In fact, Section 10 of the said Act empowers the central government to take away the citizenship of certain citizens specified therein, which include naturalised citizens but excludes citizens by birth, descent and so on. Hence, the said Act maintains a distinction between a naturalised citizen and other citizens.
Even otherwise, a statute cannot obviously enlarge the scope of the aforesaid constitutional concept of citizenship or be used to circumvent the provisions of Articles 84 and 102 of the Constitution.
After all there was no provision in the Constitution, which would have allowed a person like Sonia Gandhi to become Citizen of this country. Provisions mentioned in Article 102 and 84 were made in view of keeping the provision of constitution of that time. Thus the claim that Sonia Gandhi is a naturalised citizen, and therefore disqualified from holding a constitutional post in India is absolutely correct.

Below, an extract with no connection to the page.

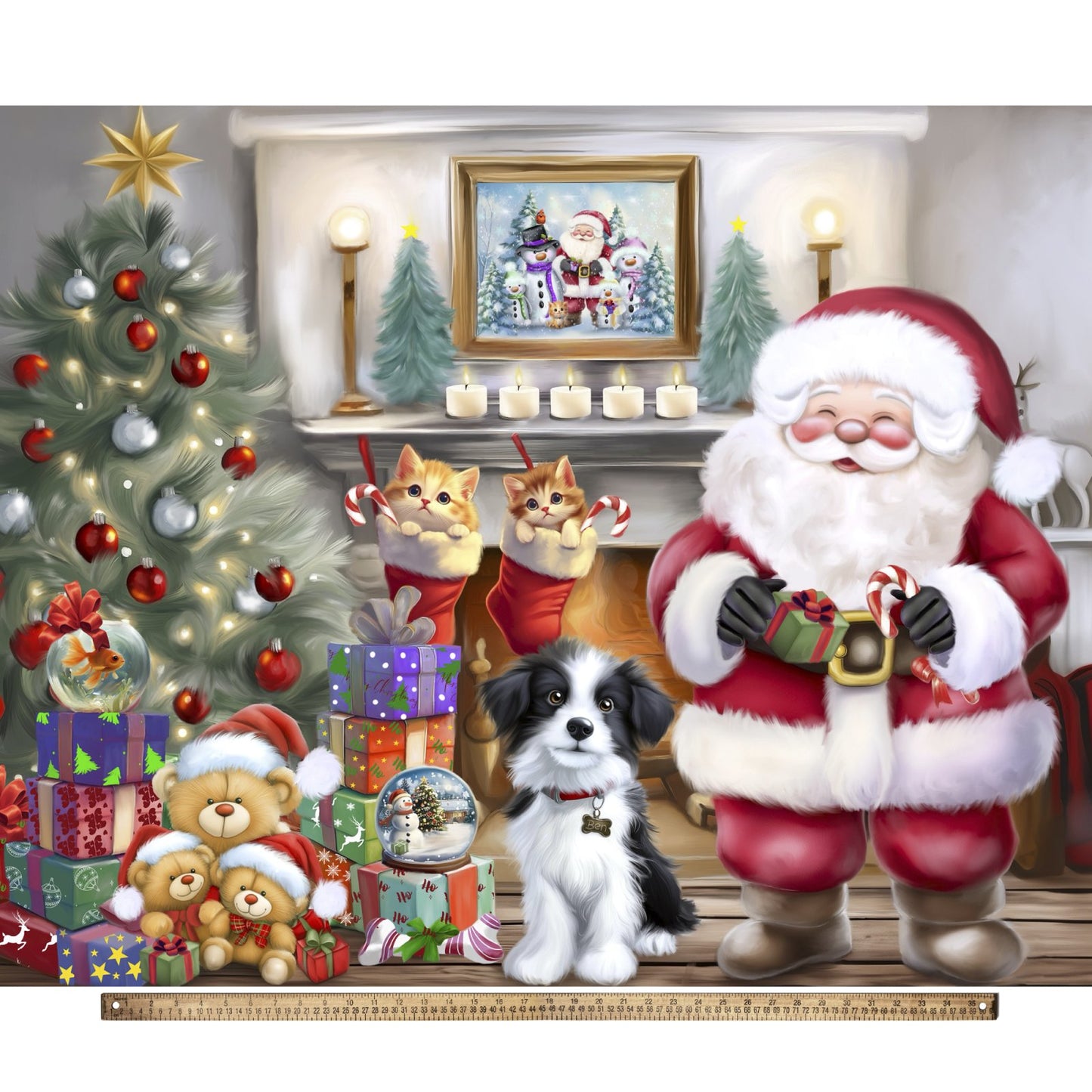 Christmas Santa and Furry Friends Panel Multi 44 x 35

It is Sonia Gandhi's latest gender gem: ‘‘the day I became the daughter-in-law of Indira Gandhi's house, I became an Indian. The rest is all technical.'' By that logic, one Louis de Raedt can be considered to have had even better credentials to be regarded as an Indian. 3
Monsieur Raedt, held a Belgian passport but, till his day of reckoning in 1987, he had been continuously in India since 1937! By an order of the Government of India dated 8th July 1987, his request for further stay in India was rejected and he was ordered to leave the country. On an appeal against this order, our Supreme Court ruled that Raedt had not become a citizen of India and therefore had no right "to reside and settle in India". 3
''He must prove,'' said the court, ''that he had formed the intention of making his permanent home in the country of residence and of continuing to reside there permanently. Residence, alone, unaccompanied by the state of mind, is insufficient.'' Incidentally, the ''secularists,'' the Vatican and the Vishwa Hindu Parishad alike would be interested to learn that Louis de Raedt was engaged in Christian missionary work. 3
Sonia Gandhi was given ''acquired'' citizenship under the Indian Citizenship Act 1955. She was not given citizenship under Article 5 of the Constitution that relates to those who were born in India or who have parents either of whom was born in India or who were ordinarily resident in India for at least five years immediately preceding the commencement of the Indian Constitution.

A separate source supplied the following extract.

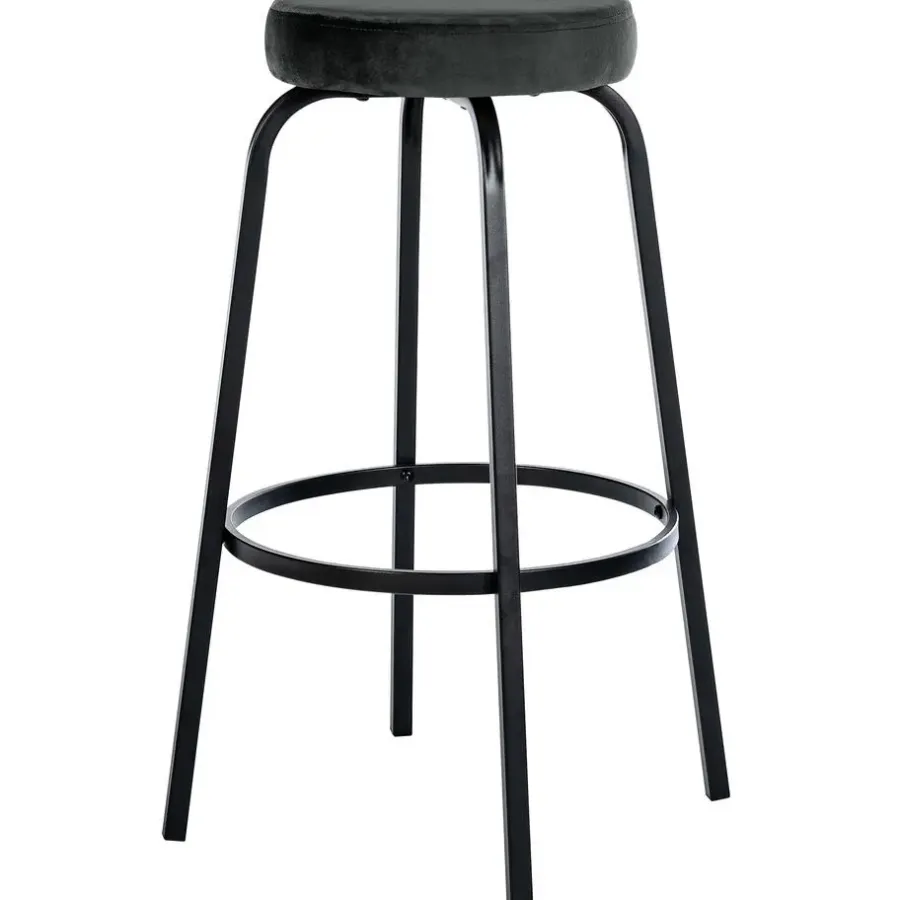 CLP Barkruk Kamari mat zwart Frame - Fluweel - donkergrijs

Under the Indian Citizenship Act, there are three categories of Indian citizens -- citizens by birth, citizens by registration and citizens by naturalisation. I am an Indian citizen, so is Sonia Gandhi. But I am an Indian citizen by birth, which means nobody can deprive me of my citizenship. On the other hand, Sonia Gandhi is a citizen by registration, which means that under Indian laws, her citizenship, like that of those who are citizens by naturalisation, can be taken away and she can be deported.
Sonia Gandhi might well claim that she is an Indian till her last breath, but that does not mitigate the conditions and restrictions governing her Indian citizenship. Her citizenship by registration can be taken away under Section 10 of the Citizenship Act if the Government of India is satisfied that (a) the registration was obtained by means of fraud or concealment of material facts; (b) the registered citizen is disloyal or disaffected towards the Constitution of India; and, (c) the registered citizen raided or communicated with an enemy during war.
Now, the point about her citizenship and whether or not that entitles her to the prime minister of India's office, if, seen from a narrow, legal perspective, there is nothing that prevents Sonia Gandhi from assuming charge as prime minister of India. The Constitution of India, unlike the constitutions of many Western and Asian countries, puts no such bar on her. Unlike the USA, Finland, Germany, Thailand or Singapore, India does not insist that the aspirant for the job should be a natural born citizen.